Perique had been dipping into the opium stock for some time, but that was acceptable to a point. When Tom Lee found his son in bed with two girls and a boy, a position not enhanced by the fact that the girls were hungrily sucking each other's pussies while the boys watched, mesmerized—well, that was completely unacceptable.
Perique didn't care. In fact, he had been taking all sorts of stupid risks, hoping something like this would happen. It was tiresome listening to shouted phrases like “you soft French faggot” and “your mother's poison blood” as he packed his considerable wardrobe, but as soon as he stepped out of his father's house, he was glad to have made the break at last.
He had his trunks sent ahead to the train station, then spent the afternoon shopping at Sincere's department store, his favorite place in Shanghai. He loved the ornate ceilings and fixtures, the red banners with their gold lettering, the air of opulence. He bought clothes, accessories, brightly colored little packages of soap, tea, candy. For a time it felt as if he would never stop buying things. Finally he caught a rickshaw to the station and boarded the express that was the first leg of the journey to Hong Kong. Evening gilded Shanghai's rococo skyline as the train pulled away from the platform.
***
If Shanghai was an aging courtesan in ragged Victorian lace, then Hong Kong was a ripe young whore whose gaudy makeup advertised a delectable array of treats. Perique found it a paradise.
He never spoke to his father, but once each month a package arrived from Shanghai full of more money than even Perique could spend. He had always liked the feel of money, but this money had the feel of shame. He let it slip through his fingers heedlessly, never walking anywhere when he could take a rickshaw, never settling for a rickshaw when his hotel's Bentley was available.
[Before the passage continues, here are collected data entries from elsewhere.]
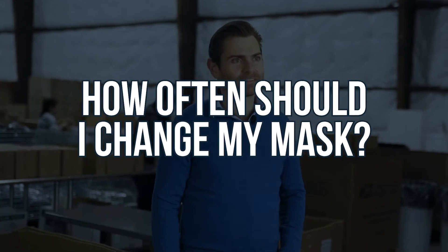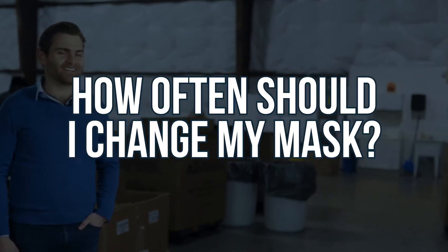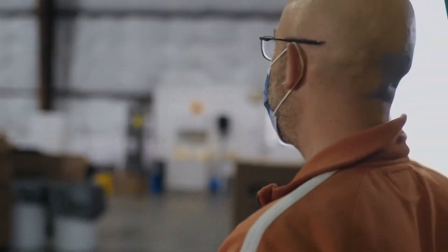I get emails all the time from people who are like, 'I love your masks, they are fantastic. I'm changing them out like once a week because they're so comfortable.' What's the right answer there?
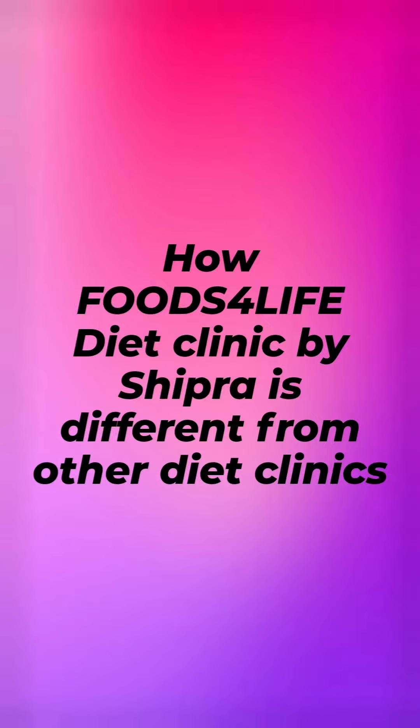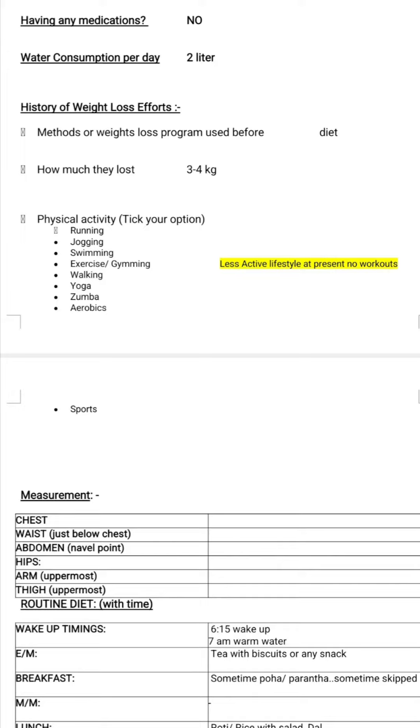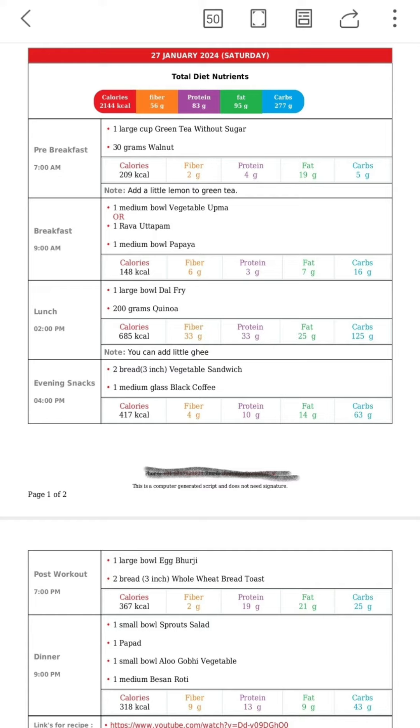What are the different features which make Foods for Life a unique diet clinic from others? Number one is the customized way we take your routine, your medical details, and other details to make your diet plan, and number two is the way we give you diet plans.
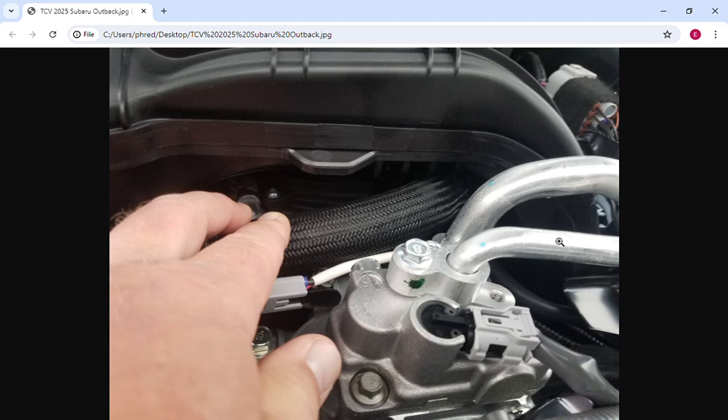A lot of people have been wondering whether or not the 2025 Subaru Outback would have the TCV valve — the thermal control valve — as opposed to a normal thermostat, since the 2025 Forester got rid of the TCV valve and went back to a thermostat. These TCV valves are prone to failure.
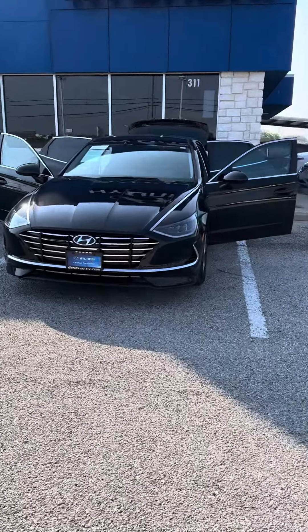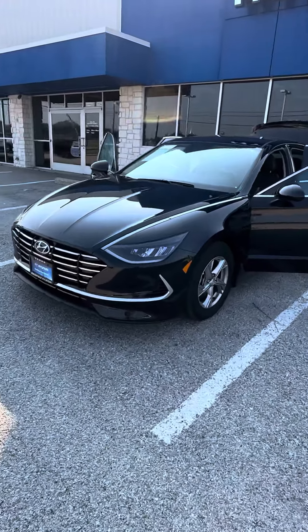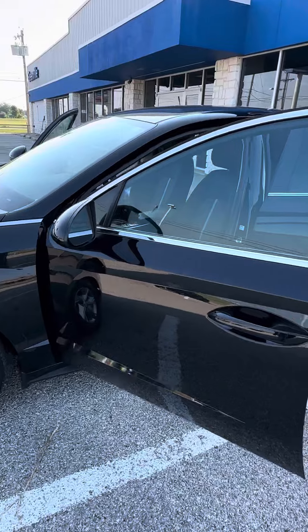Hi there, this is JoJo with Greenville Hyundai, showing you a quick walk around of the 2022 Hyundai Sonata SE that we do have here and available. As you can tell, it's going to be your black with your black cloth interior.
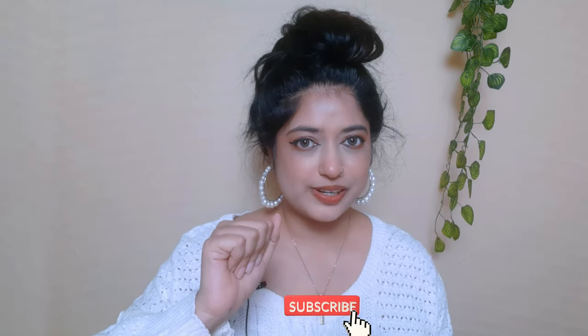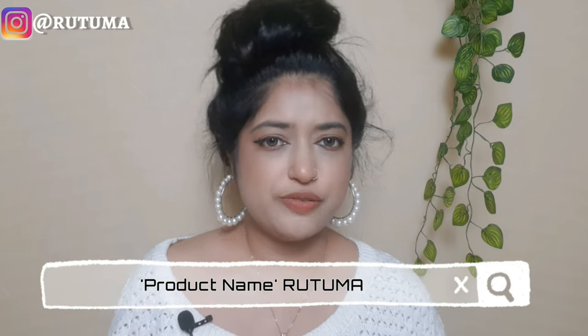That's it for today, thank you for watching — it makes me so happy that you made it to the end. I'll link other product reviews from this brand in the description box. Before buying, search for the product name with the word 'Rutuma' and you'll probably find a review done by me. All my reviews are unbiased and honest — you know that by now. Subscribe, bye!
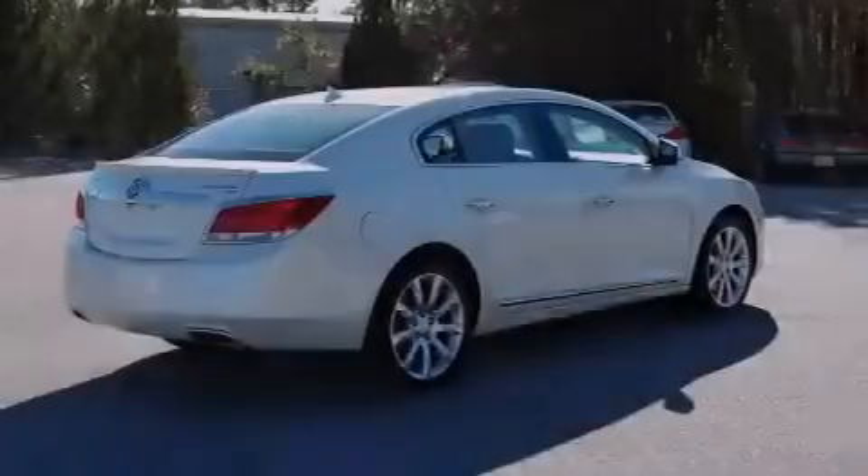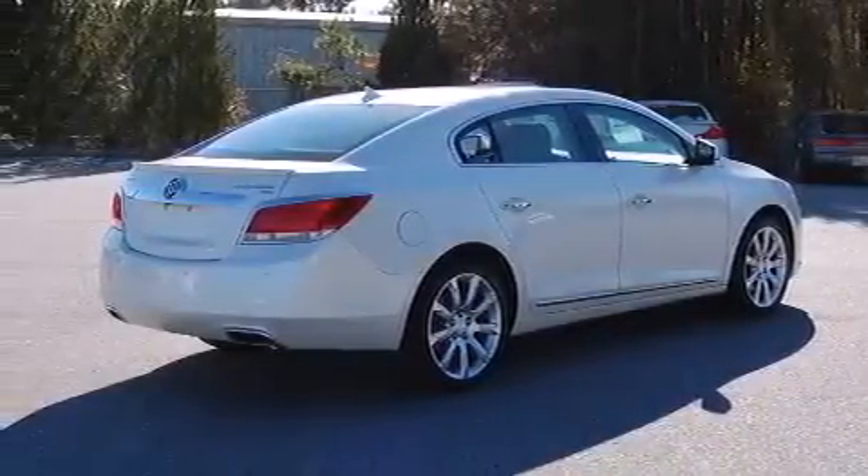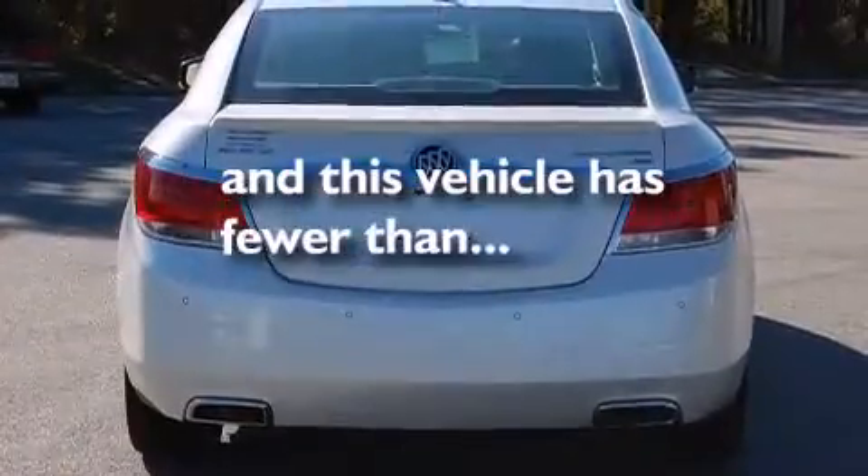Rear seat child-proof door locks, air conditioning with automatic climate control, cruise control, full power accessories, and this vehicle has fewer than 69,000 miles on the odometer.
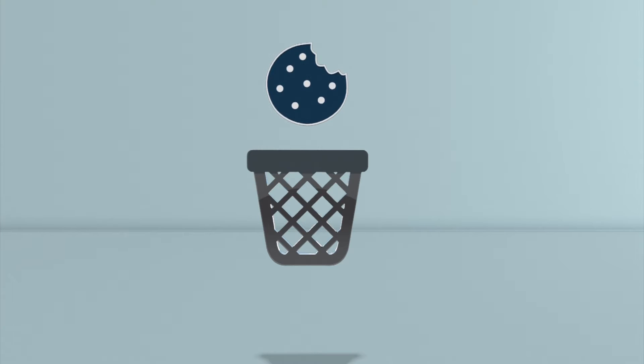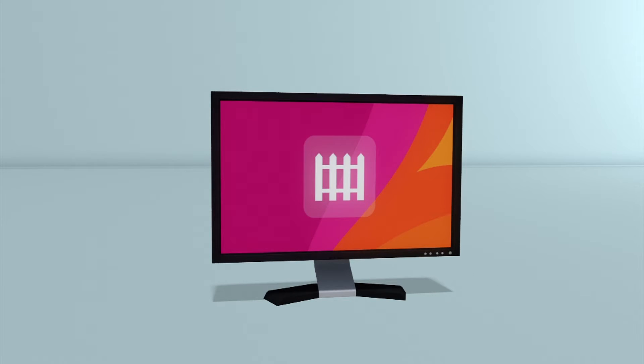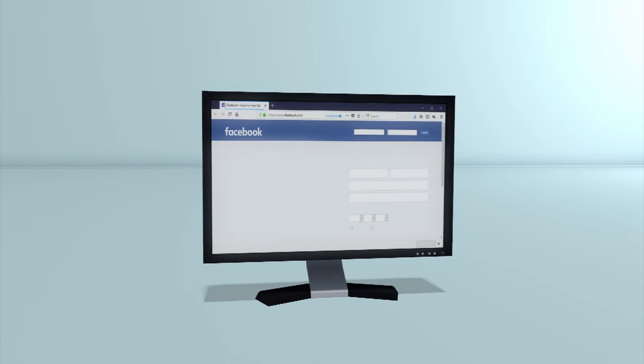After installing the extension, it will delete your Facebook cookies and log you out of Facebook. The next time you log in, Facebook will open in a new blue-colored browser tab or container tab.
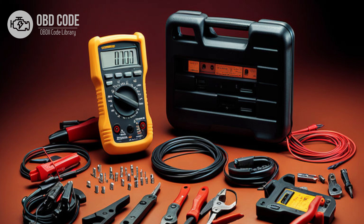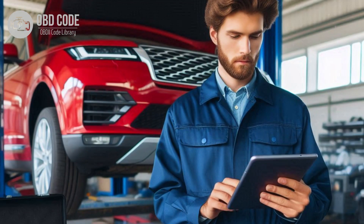3. Test the transmission fluid temperature sensor for proper operation using a multimeter or scan tool. Replace the sensor if it is found to be faulty. 4. Clear the trouble codes from the ECM or TCM memory and perform a test drive to see if the issue recurs.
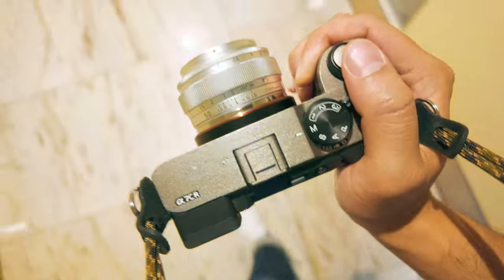Is this the true rangefinder experience where you're trying to line up two images at the center of your focus point? No. But spend $70 on a manual focus lens, get it out of your system, and never look back. I just saved you at least hundreds of dollars, if not hundreds of hours of research.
He frequented the most scandalous nightclubs, acquired Western friends and mannerisms, learned the ways of the stinking, seething island city.
He had lived in Hong Kong for one year when his mother's ghost began to speak to him.
It was a ghost in his heart, the kind that never quite seems real but never quite goes away. It whispered to him in French—Perique was certain it was French, and he spoke fluent French, yet he could make out scarcely any of the words. This voice insinuated itself beneath the jazz music of nightclubs; it murmured in the pipes as he bathed. Opium could not drown it out. Upon waking, he often felt that the voice had just been speaking clearly in the room, but he could never recall what it had said.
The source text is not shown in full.